Note that the soundness for this optimization follows from consistency: the
possibility of having too small support is ruled out as the same extensions are
considered, so if a data value matters, the extensions will have different rows
(maybe after several steps). Each inconsistency will lead to new columns (just
as before), which will show at some point that a data value is in the support.
The number of equivalence queries was already proven to be polynomial. So the
number of queries in total is polynomial in n (but not in k).
End of proof.
Bonus: One may question whether we can do something similar to the columns,
bounding their support to k. The answer is no, because the reverse of a regular
nominal language is not necessarily accepted by an orbit-finite nominal automaton
(and by reversing a language one reverses the roles of the rows and columns).

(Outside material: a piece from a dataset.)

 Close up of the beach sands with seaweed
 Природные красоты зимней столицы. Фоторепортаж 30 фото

Additional notes on f_A (where A is the countably infinite set of names with
permutations).
As defined in the paper f_A(n, m) defines the number of orbits in A^(n) x A^(m),
that is the product of distinct n-tuples with distinct m-tuples. An orbit in
this product possibly matches some of the first n values with some of the next m
values. We can compute the number of orbits where such a match has size i with
the following formula. With n and i fixed, it gives a polynomial bound in m:
matchings_i = (n choose i) * (m choose i) * i!

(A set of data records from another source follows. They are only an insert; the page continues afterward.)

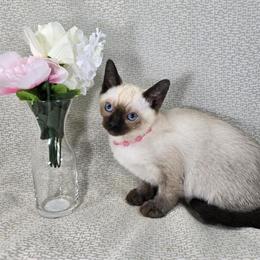 Siamese Kittens Ready in Illinois - Seal Point in Carthage, il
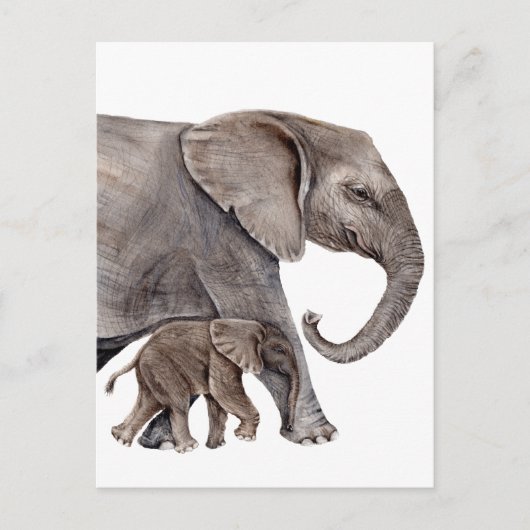 Elefant mit Baby Elephant Postkarte (Vorderseite)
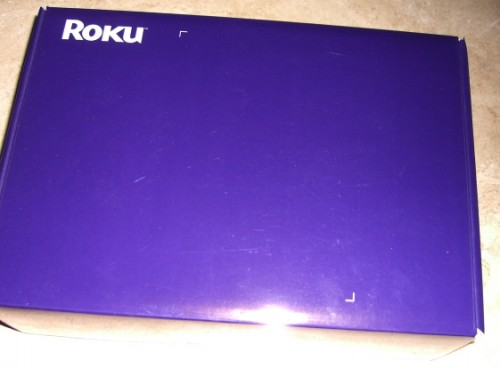 The Netflix Player by Roku Review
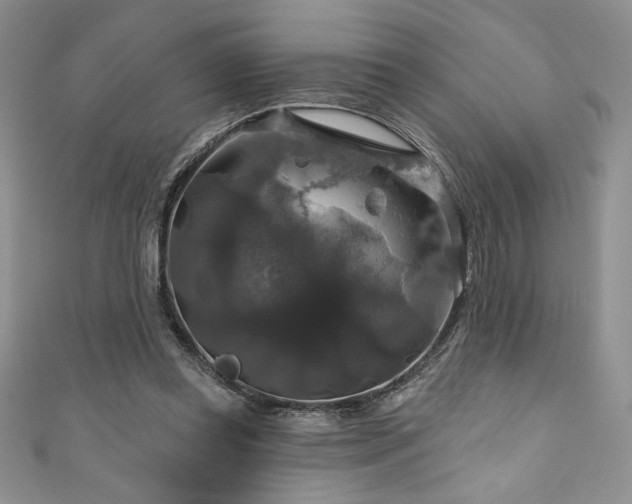 X0000111200349200907011438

<= (n choose i) * i! * m^i
The equality is explained as such: we may choose i values of either set
independently, and then choose how to match them (i!). Now f_A(n, m) is the sum
of matchings_i for i = 0 to n. This gives the formula and bound
f_A(n, m) = Sum_{i = 0}^{n} matchings_i
<= constant_n * m^{n+1}
where constant_n is some constant depending on n. In particular this expression
is polynomial in m. Furthermore, we have a symmetry f_A(n, m) = f_A(m, n),
meaning that it is also polynomial in n (if m is fixed). Note, however, that
f_A(n, n) is not polynomial in n. In the above proof, n (the number of orbits),
occurs in only one of the two places, making it polynomial in n.

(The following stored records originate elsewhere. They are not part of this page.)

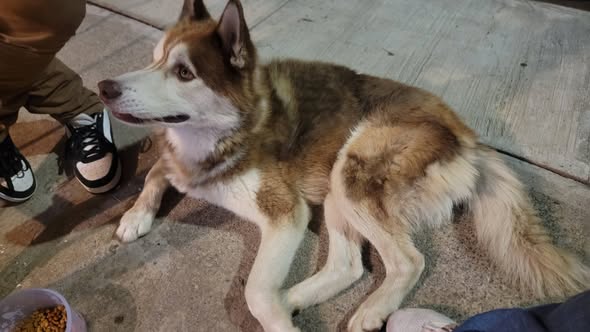 Foto del avistamiento de perro
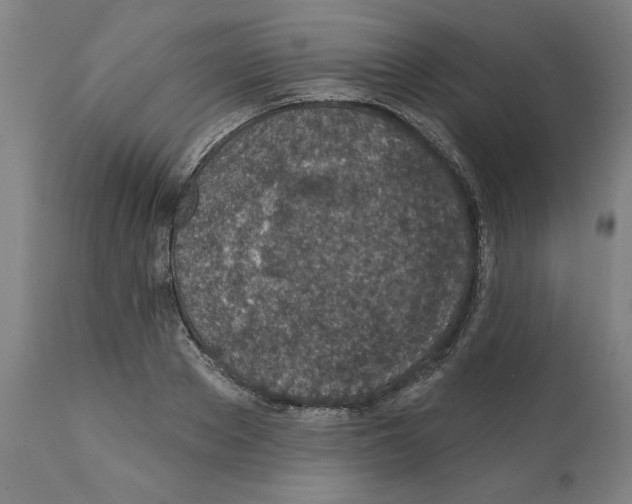 X0000112380889200909241212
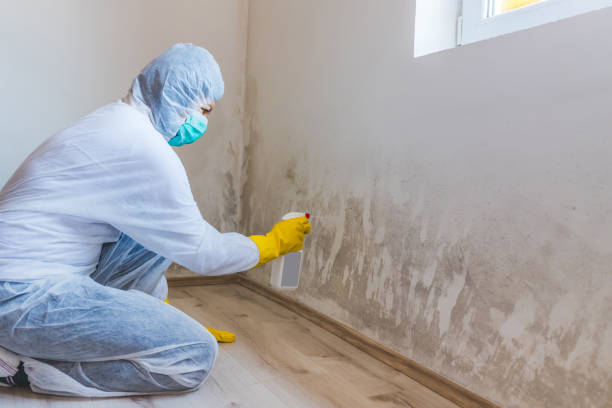Licensed Commercial Mold Remediation service in Wimauma, FL - WQB Mold Removal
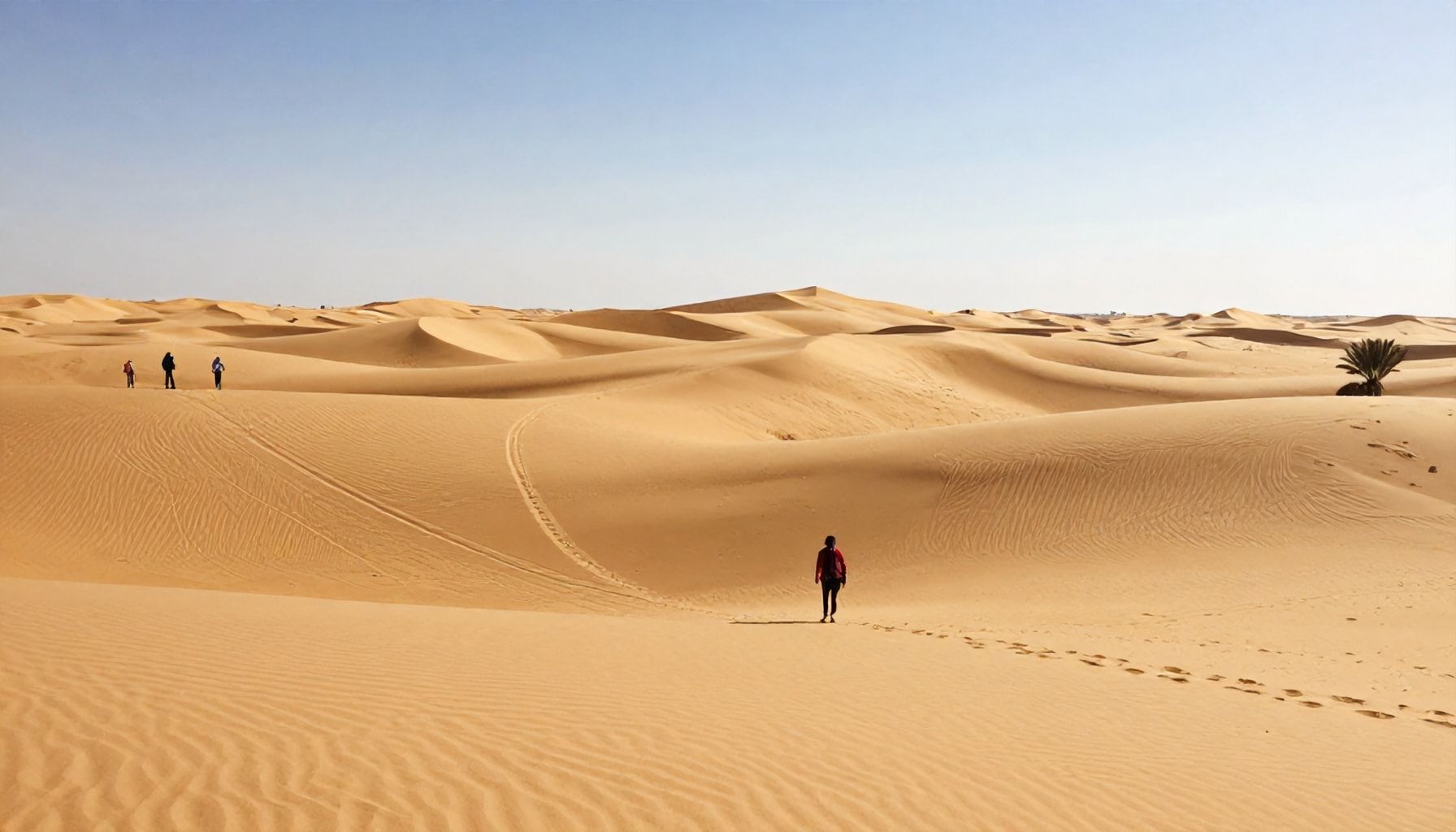 Die Wahrheit über die Düsseldorf Sahara: Warum sie mehr ist als nur ein Park*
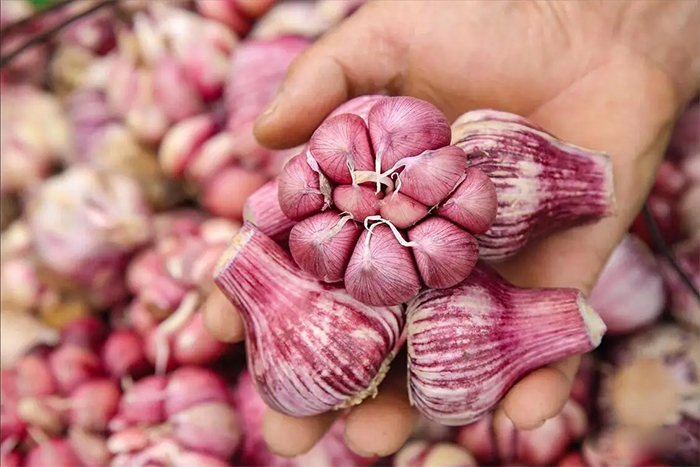 5 loại tỏi tuyệt đối không mua kẻo gây hại sức khỏe - Ảnh 1.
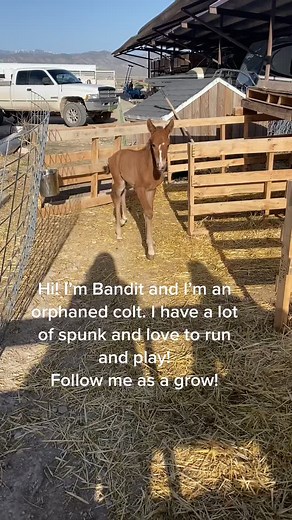 Meet Bandit! One of our orphaned foals. #CatOnALeash #foal #foalsoftiktok #colt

In this counting argument we used the fact that these orbits correspond to
matchings. This does not hold in other symmetries. For example the structure (Q,
<), i.e. the dense linear order, has a bigger growing rate for f_Q(n,m). Some
general results on these growing rates can be found in notes by Peter Cameron on
oligomorphic permutation groups (can also be found in his 1990 book).